4 plastic containers with

1 reversible fuel cell

1 model car

1 3oz. bottle of distilled water

1 hand crank with built in patch cables

4 6 oz cups

4 plastic plates

16 student handouts showing fuel cell car and handcrank

4 VSVS handouts

I. Introduction

Ask students if they can name any conversions of electrical energy to other forms of energy. Ask for examples for each conversion.

Answers should include:

1. Electrical to Mechanical – motors

2. Electrical to Thermal (heat) – heaters, toasters, ovens

3. Electrical to Light - light bulbs

4. Electrical to Chemical – electrolysis of water

5. Electrical to Sound – doorbells

Ask students if they know the formula for water? H2O.

Write this formula on the board. Explain that this formula shows that water is made up of two parts hydrogen and one part oxygen.

Ask students if they know what will happen if an electrical current is passed through water?

The water decomposes into 2 gases, oxygen and hydrogen.

Write the formula for these gases on the board – O2 and H2.

Tell students that they are going to use electrical current from a 9-volt battery to decompose (break down) water.

II. Electrolysis of Water: Electrical Energy → Chemical Energy

Materials

1 Demonstration ziploc bag containing:

1 9-volt battery with wire leads

1 set of nichrome electrodes mounted in Styrofoam

1 plastic container with 16 sets of nichrome electrodes mounted in Styrofoam

16 ziploc bags containing the following items:

1 9-volt battery with wire leads

1 small container of sodium sulfate

1 small plastic scoop

1 toothpick

1 hand magnifying lens

1. plastic container with 17 2oz. jars of distilled water

10 paper towels in plastic bag

16 plates

Perform the following demonstration before you pass out materials:

1. Take the 9-volt battery, wire leads, and the set of nichrome electrodes from the demonstration bag.

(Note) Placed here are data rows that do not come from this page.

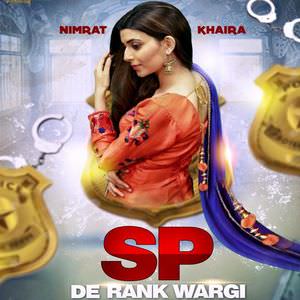 SP De Rank Wargi Lyrics: Nimrat Khaira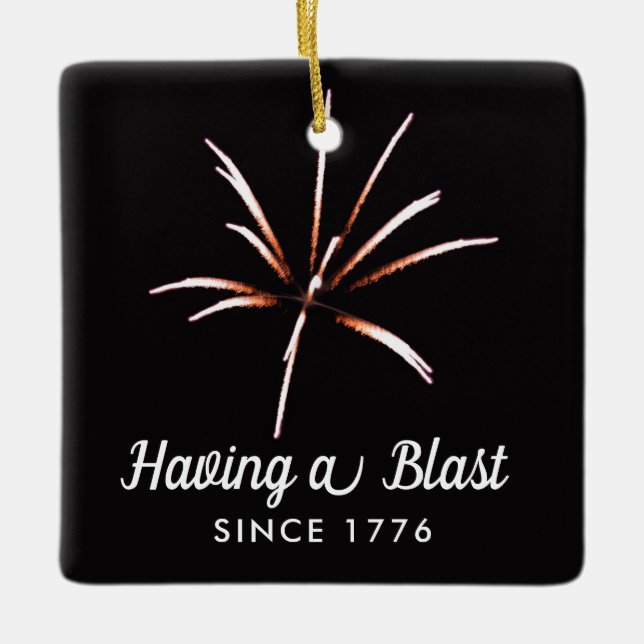 Having a Blast Sestercentennial 4th of July Ceramic Ornament (Front)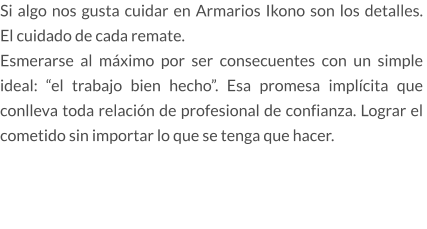 Si algo nos gusta cuidar en Armarios Ikono son los detalles.  El cuidado de cada remate.  Esmerarse al máximo por ser consecuentes con un simple ideal: “el trabajo bien hecho”. Esa promesa implícita que conlleva toda relación de profesional de confianza. Lograr el cometido sin importar lo que se tenga que hacer.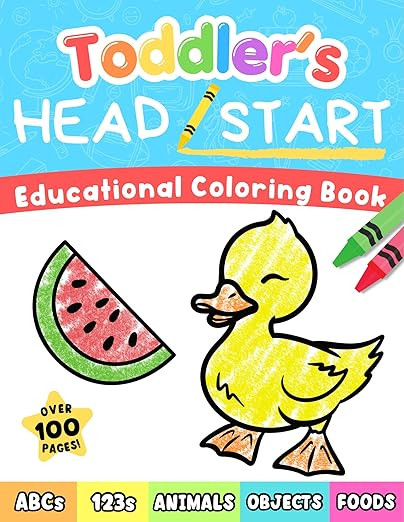 Toddler's Head Start Educational Coloring Book Ages 1-3: Over 100 Pages | Learn Colors, Words, AB... | Amazon (US)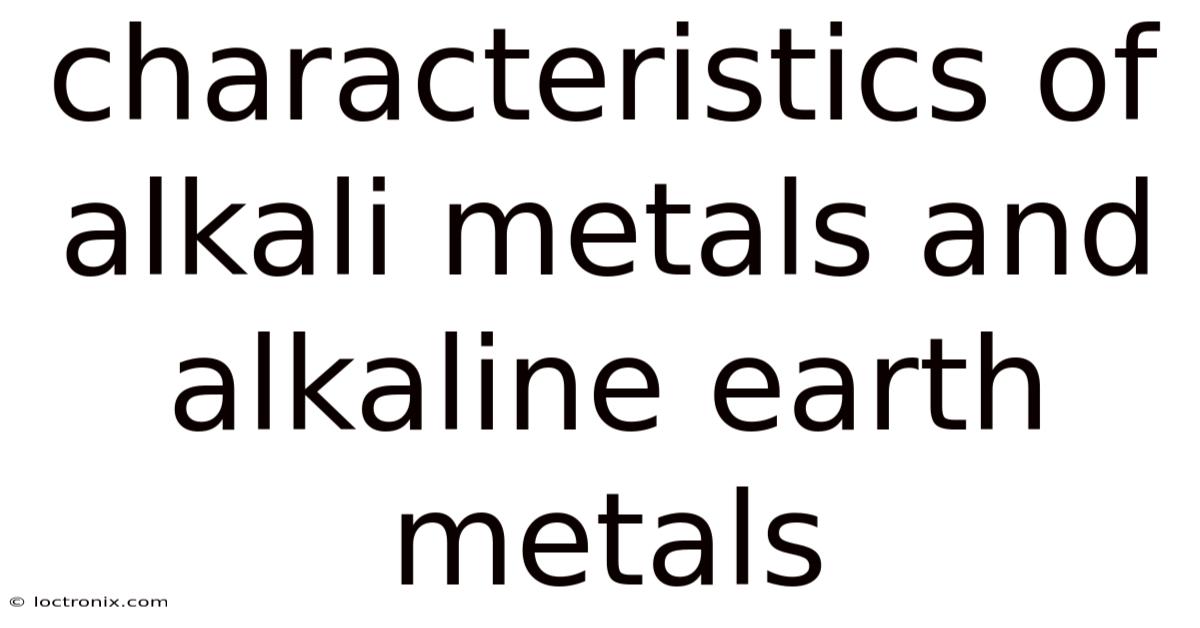 Characteristics Of Alkali Metals And Alkaline Earth Metals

2. Take one of the jars with distilled water from the plastic container.

3. Follow the diagram below and show the students how to hook up the set of nichrome electrodes to each wire by attaching the alligator clip to the short end of the electrode. Explain that the nichrome is an electrode because nichrome conducts electricity.

4. Show them how the electrodes are placed in the jar. Emphasize to students that the nichrome electrodes and their mount should be handled with care. Refer them to the picture on the instruction sheet (also given below) for the correct hookup and placement of the nichrome electrodes. Note that the alligator clips are connected to the short end of the nichrome electrodes.

Give each group a bag of materials, a jar with distilled water, and a set of nichrome electrodes.

A. Distilled Water Experiment

1. Have students place the electrodes connected to the 9-volt battery in the jar that contains distilled water so that the electrodes are in the water.

2. Tell the students to see if any bubbles are forming around the end of the electrodes in the water.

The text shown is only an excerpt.